Statistics and Its Interface

Volume 6 (2013)

Number 2

Testing the statistical significance of an ultra-high-dimensional naïve Bayes classifier

Pages: 223 – 229

DOI: https://dx.doi.org/10.4310/SII.2013.v6.n2.a6

Authors

Baiguo An (Key Laboratory for Applied Statistics of the Ministry of Education, Northeast Normal University, Changchun, Jilin Province, China)

Jianhua Guo (Key Laboratory for Applied Statistics of the Ministry of Education, Northeast Normal University, Changchun, Jilin Province, China)

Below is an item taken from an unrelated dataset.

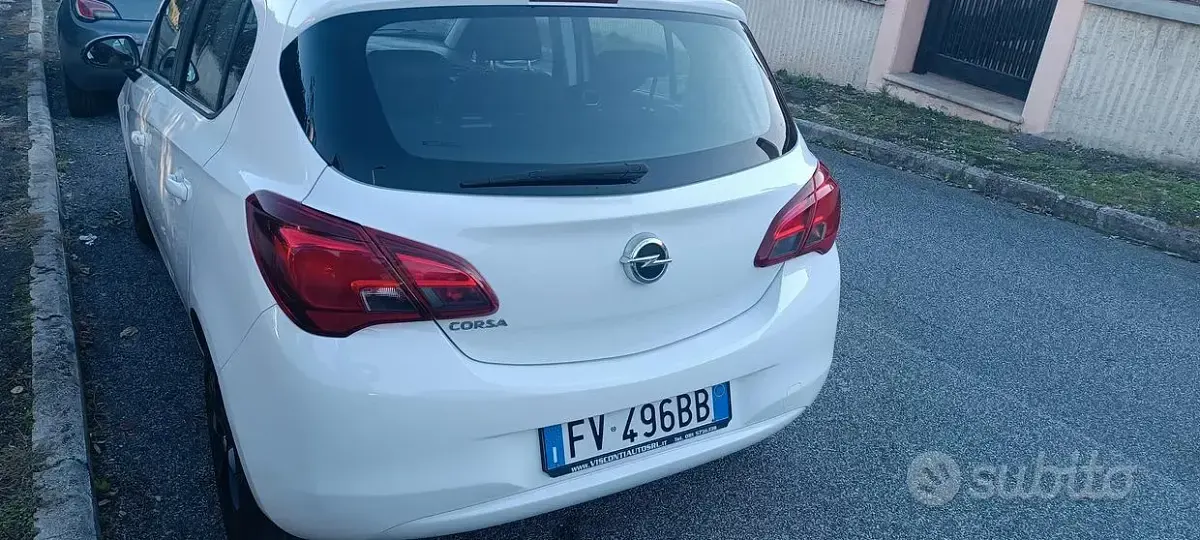 Usata Opel Corsa 90 CV (66 kW) 2018 Bianco Berlina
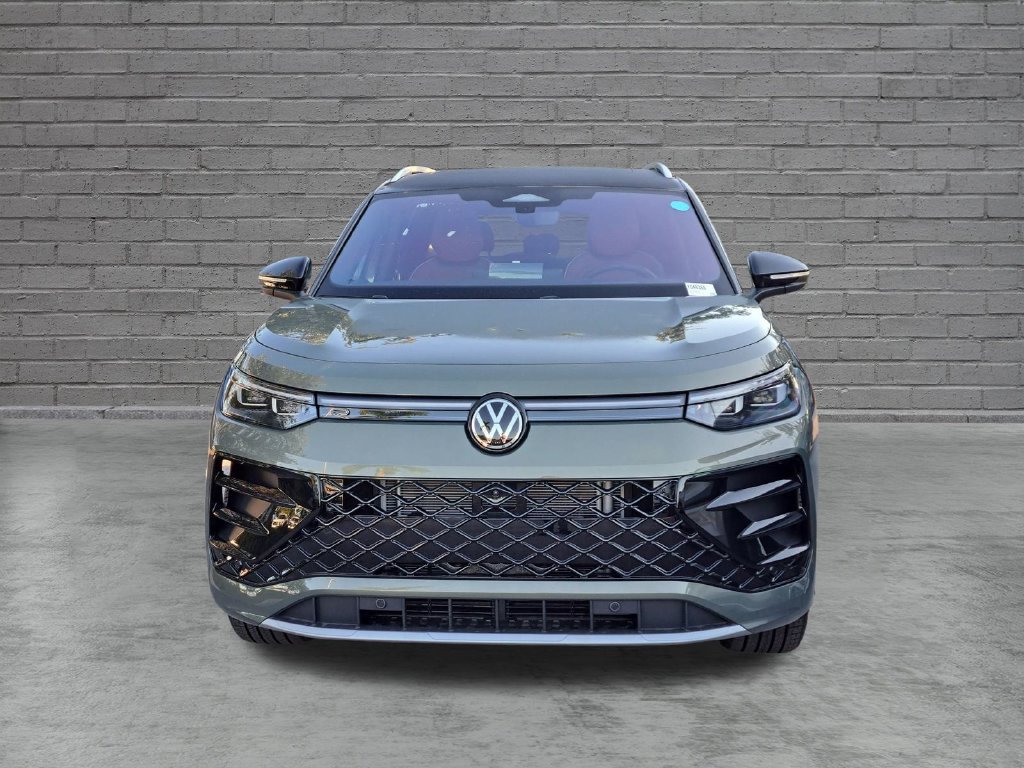 New 2026 Volkswagen Tiguan SEL R-Line AWD/4WD image 2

Hansheng Wang (Guanghua School of Management, Peking University, Beijing, China)

Abstract

The naïve Bayes approach is one of the most popular methods used for classification. Nevertheless, how to test its statistical significance under an ultra-high-dimensional (UHD) setup is not well understood. To fill this important theoretical gap, we propose a novel testing statistic with a standard normal asymptotic null distribution, even if the predictor dimension is considerably larger than the sample size. This makes the proposed method useful for UHD data analysis. Simulation studies are presented to demonstrate its finite sample performance and a text classification example is described for illustration.

Keywords

binary predictor, hypothesis testing, naïve Bayes, supervised learning, text classification, ultra-high-dimensional data

2010 Mathematics Subject Classification

62H30

Published 10 May 2013